Os advogados de Bolsonaro pediram a declaração de suspeição do ministro tenente-brigadeiro do ar Francisco Joseli Parente Camelo. Segundo a defesa, o magistrado não teria a imparcialidade necessária para atuar no processo que analisa a permanência do ex-presidente nos quadros da reserva militar.

Presidente do STM negou pedido inicialmente

Em um primeiro momento, a presidente do STM, Maria Elizabeth Rocha, rejeitou a solicitação por considerá-la “manifestamente improcedente”, ou seja, sem fundamentos suficientes para justificar o afastamento do ministro. Diante da decisão, a defesa apresentou recurso para que o tema fosse analisado pelo plenário da Corte.

Ao analisar o recurso, os ministros do STM decidiram manter o entendimento da presidência e confirmaram a rejeição do pedido de suspeição. Com isso, o ministro Francisco Joseli Parente Camelo permanece apto a participar do julgamento sobre a situação militar de Bolsonaro.
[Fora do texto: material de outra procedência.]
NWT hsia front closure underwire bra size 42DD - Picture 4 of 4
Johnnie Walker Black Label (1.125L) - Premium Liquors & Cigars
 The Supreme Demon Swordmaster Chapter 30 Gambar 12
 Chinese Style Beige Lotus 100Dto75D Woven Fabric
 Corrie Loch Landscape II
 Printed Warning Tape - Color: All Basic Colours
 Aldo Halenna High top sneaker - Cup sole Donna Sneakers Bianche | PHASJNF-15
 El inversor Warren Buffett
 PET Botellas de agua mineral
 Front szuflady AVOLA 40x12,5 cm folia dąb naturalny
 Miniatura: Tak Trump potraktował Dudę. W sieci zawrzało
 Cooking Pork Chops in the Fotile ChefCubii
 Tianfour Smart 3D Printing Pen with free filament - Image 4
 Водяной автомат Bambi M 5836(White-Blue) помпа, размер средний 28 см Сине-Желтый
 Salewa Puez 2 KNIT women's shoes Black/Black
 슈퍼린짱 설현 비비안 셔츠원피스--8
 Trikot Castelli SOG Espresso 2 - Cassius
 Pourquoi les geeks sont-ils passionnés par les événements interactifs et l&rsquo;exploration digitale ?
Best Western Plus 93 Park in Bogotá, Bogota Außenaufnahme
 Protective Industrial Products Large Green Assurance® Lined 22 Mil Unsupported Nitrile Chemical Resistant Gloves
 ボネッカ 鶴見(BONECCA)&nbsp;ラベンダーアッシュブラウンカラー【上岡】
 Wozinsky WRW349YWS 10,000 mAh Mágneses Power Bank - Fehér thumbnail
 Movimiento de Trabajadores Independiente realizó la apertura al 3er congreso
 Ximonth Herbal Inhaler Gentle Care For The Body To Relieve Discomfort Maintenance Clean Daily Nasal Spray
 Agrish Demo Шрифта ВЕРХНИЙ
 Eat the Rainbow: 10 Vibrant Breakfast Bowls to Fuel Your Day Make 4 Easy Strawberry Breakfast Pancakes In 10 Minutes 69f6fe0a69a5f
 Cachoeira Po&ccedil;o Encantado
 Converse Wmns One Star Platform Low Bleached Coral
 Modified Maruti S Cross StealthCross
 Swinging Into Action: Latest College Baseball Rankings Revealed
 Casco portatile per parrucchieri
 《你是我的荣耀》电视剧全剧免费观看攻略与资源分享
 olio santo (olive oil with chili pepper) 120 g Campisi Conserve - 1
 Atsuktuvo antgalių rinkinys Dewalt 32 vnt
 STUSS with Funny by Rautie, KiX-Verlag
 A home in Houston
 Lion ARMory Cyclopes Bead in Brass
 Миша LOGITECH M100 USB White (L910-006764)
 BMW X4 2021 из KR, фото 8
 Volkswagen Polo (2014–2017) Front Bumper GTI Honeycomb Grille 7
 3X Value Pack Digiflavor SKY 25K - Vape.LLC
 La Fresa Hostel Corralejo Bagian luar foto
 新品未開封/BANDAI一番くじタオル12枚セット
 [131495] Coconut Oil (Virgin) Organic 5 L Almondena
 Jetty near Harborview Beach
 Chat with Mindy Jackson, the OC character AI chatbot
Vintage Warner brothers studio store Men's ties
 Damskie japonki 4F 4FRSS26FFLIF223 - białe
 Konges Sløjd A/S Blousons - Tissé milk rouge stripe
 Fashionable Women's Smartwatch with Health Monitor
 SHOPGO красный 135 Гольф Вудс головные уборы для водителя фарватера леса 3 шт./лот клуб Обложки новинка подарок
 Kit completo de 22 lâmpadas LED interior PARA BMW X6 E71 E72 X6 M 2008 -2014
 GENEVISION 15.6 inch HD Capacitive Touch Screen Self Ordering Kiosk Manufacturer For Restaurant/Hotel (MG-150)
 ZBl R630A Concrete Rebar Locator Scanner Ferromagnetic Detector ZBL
Processo avalia permanência no oficialato

O caso integra um conjunto de ações relacionadas à chamada declaração de indignidade ou incompatibilidade para o oficialato. Esse mecanismo é utilizado para avaliar se militares condenados pela Justiça ainda reúnem condições para permanecer vinculados às Forças Armadas.

Segundo o STM, o procedimento não tem o objetivo de revisar condenações criminais já decididas em outras instâncias. A análise é voltada para verificar se a conduta do militar permanece compatível com os princípios e valores exigidos pela carreira militar.

Honra e decoro estão entre os critérios avaliados

Durante esse tipo de julgamento, são examinados aspectos como:

  • Honra pessoal;
  • Pundonor militar — conceito relacionado à dignidade, honra e respeito à função exercida;
  • Decoro da classe militar;
  • Condições éticas, morais e profissionais para permanecer no oficialato.

Ao final do processo, o STM decidirá se Jair Bolsonaro mantém ou perde sua condição de oficial reformado do Exército Brasileiro.